URGES CLOSING OF WEATHER 'GAPS'

Col. Gorrell Says Need Is Felt for Aviation Directions

   The need for a more thorough coverage of atmospheric conditions throughout the United States in aviation directions was stressed today by Colonel Edgar S. Gorrell.
   He is the 38th person in the United States to fly an airplane; during the World war he was chief of staff of the U. S. A. Air Corps; he is now president of Air Transport Association of America. He flew his ship into New Orleans.
   If atmospheric conditions are not thoroughly and immediately reported, the American sky fleets might find themselves in the middle of a bad fix some day when they respond to a mobilization order to defend against foreign attack, he said.
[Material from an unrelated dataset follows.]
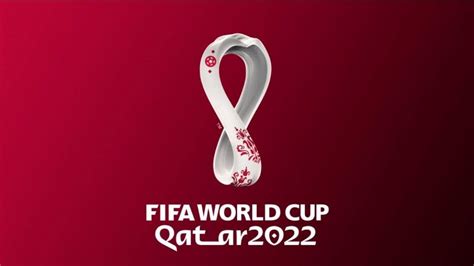 así es el logotipo de la copa del mundial qatar 2022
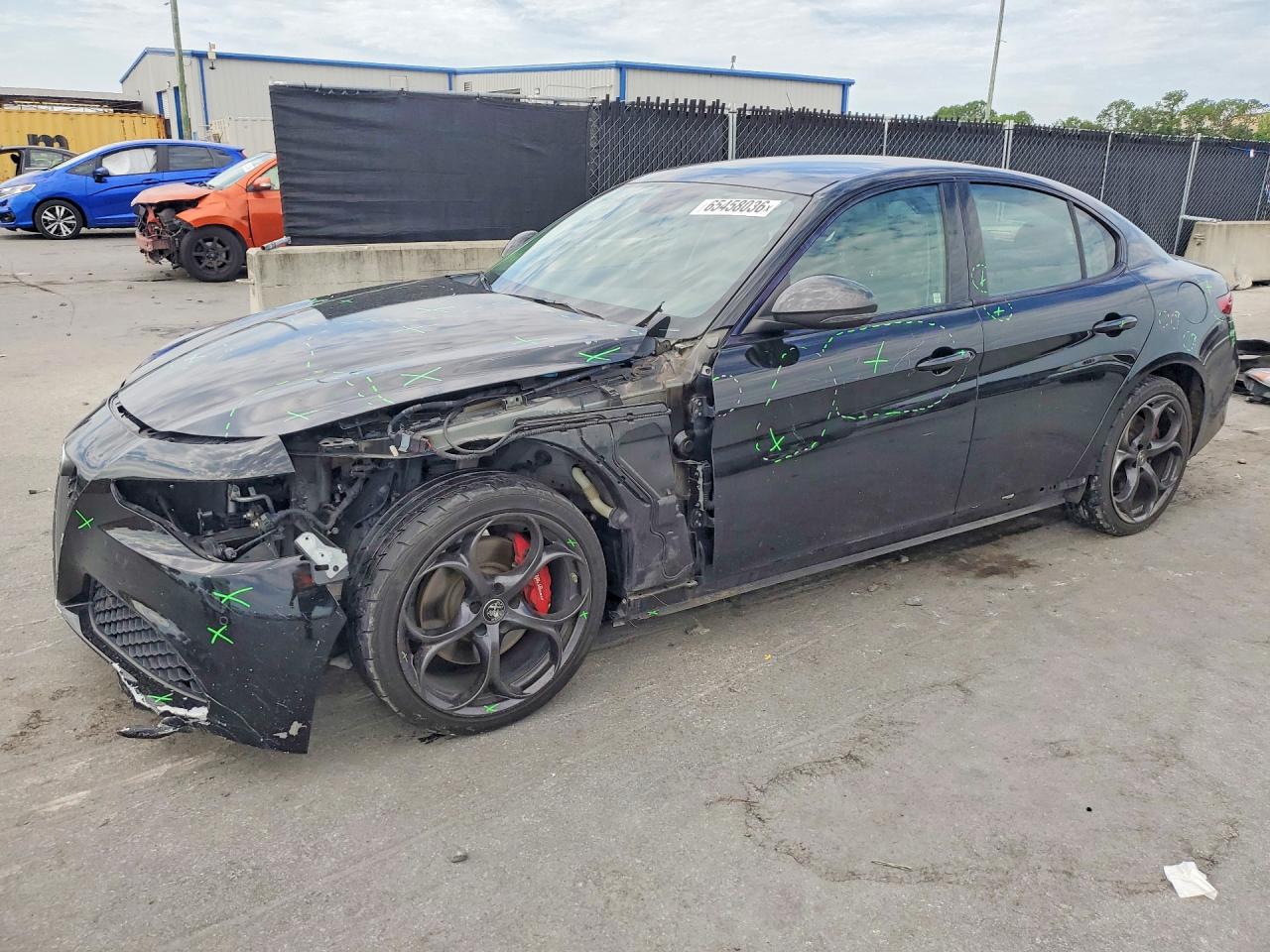 2019 ALFA ROMEO GIULIA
   Closing these "gaps" in the weather bureau system, he said, would improve the service to farmers, foresters, fishermen and mariners.
   Louisiana needs these developments in the interest of aviation, he said:  More inclusive reports from ships at sea at New Orleans; more weather reports at Alexandria; meteorological personnel at Baton Rouge, Monroe, Shreveport, Lake Charles and Port Eads. Also, pilot-balloon stations at Lake Charles and Shreveport.
   Colonel Gorrell is today's speaker before the Young Men's Business Club in the Roosevelt.